### [Assignment]
Beginning with the line below that contains "snow covered patio" and ending with the line that contains "Take a Friend Snowmobiling", retype every line exactly. Pictures are not copied.

### [Information]
━━━━━━━━━━━━━━━━━━━━

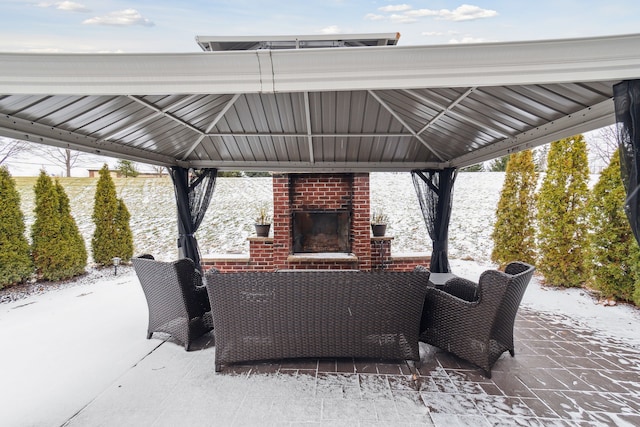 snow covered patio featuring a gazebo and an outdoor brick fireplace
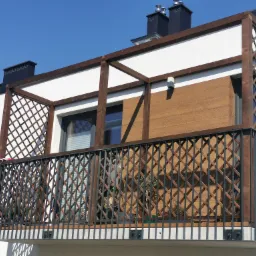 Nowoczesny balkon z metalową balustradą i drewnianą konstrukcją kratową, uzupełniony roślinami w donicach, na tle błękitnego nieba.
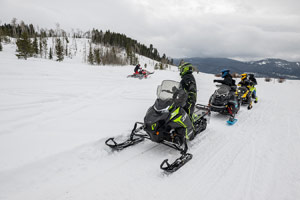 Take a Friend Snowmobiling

━━━━━━━━━━━━━━━━━━━━

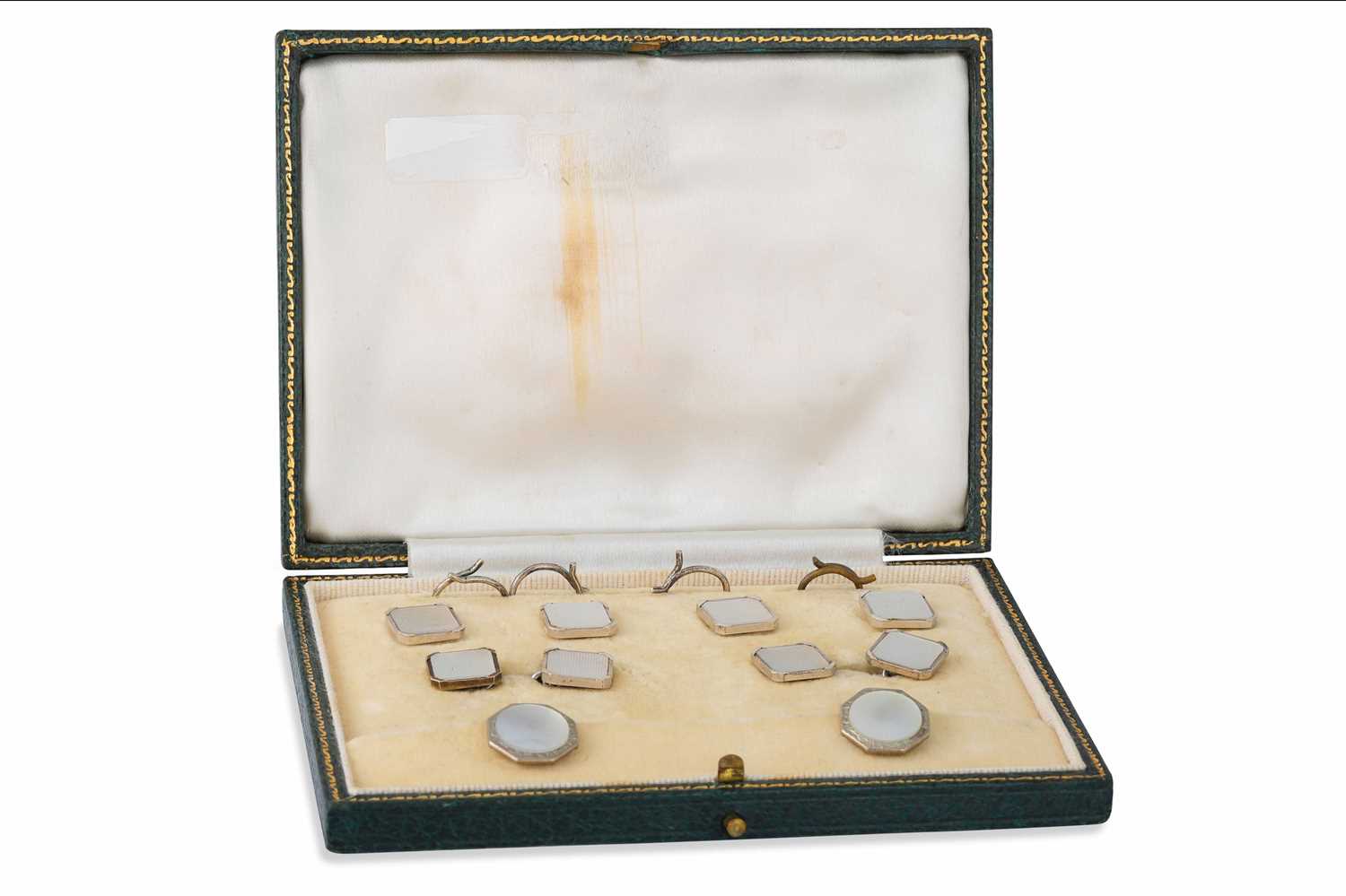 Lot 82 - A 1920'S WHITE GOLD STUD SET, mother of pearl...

━━━━━━━━━━━━━━━━━━━━

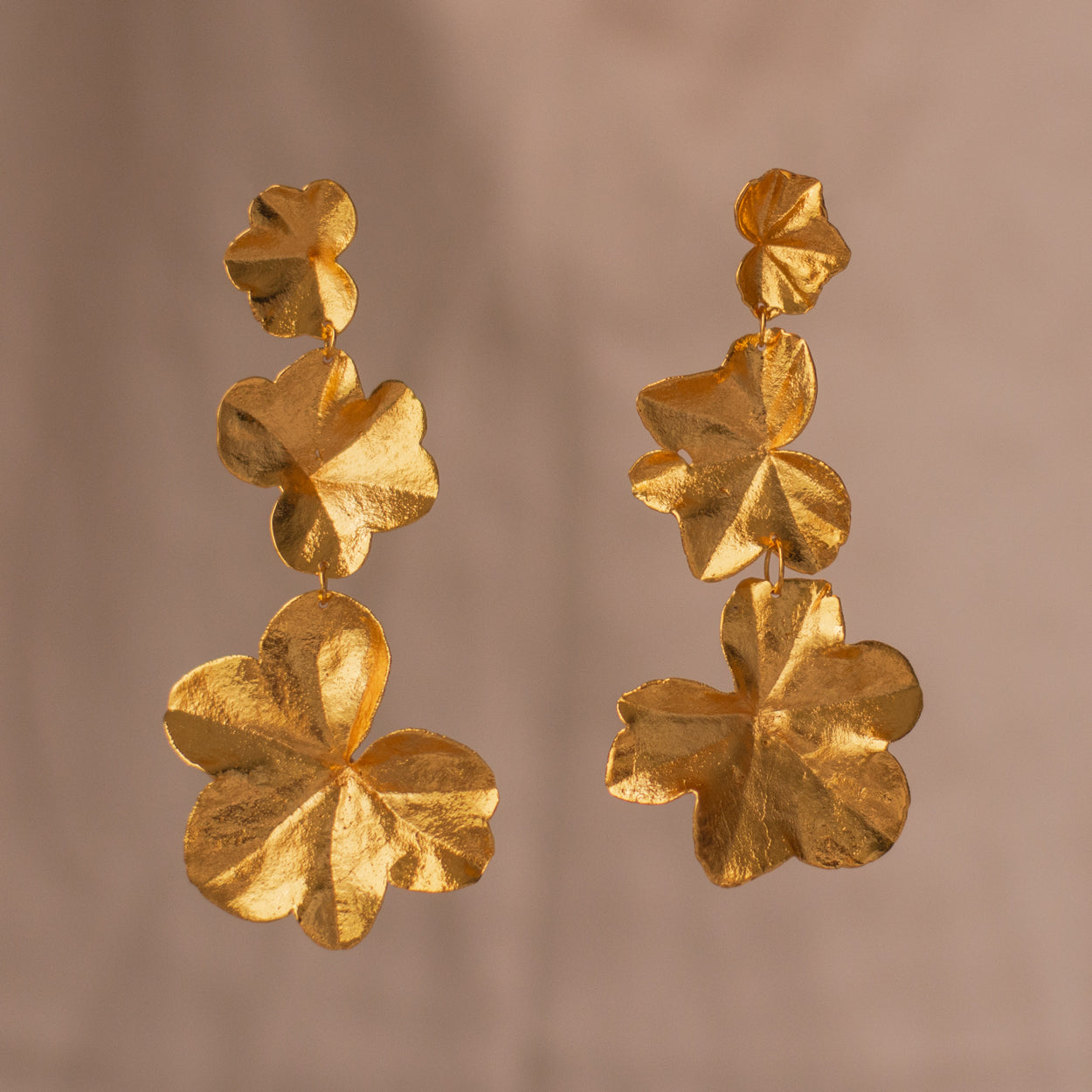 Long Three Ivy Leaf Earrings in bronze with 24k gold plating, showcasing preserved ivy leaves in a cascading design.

━━━━━━━━━━━━━━━━━━━━

### [Task answer]
 snow covered patio featuring a gazebo and an outdoor brick fireplace
 Nowoczesny balkon z metalową balustradą i drewnianą konstrukcją kratową, uzupełniony roślinami w donicach, na tle błękitnego nieba.
 Take a Friend Snowmobiling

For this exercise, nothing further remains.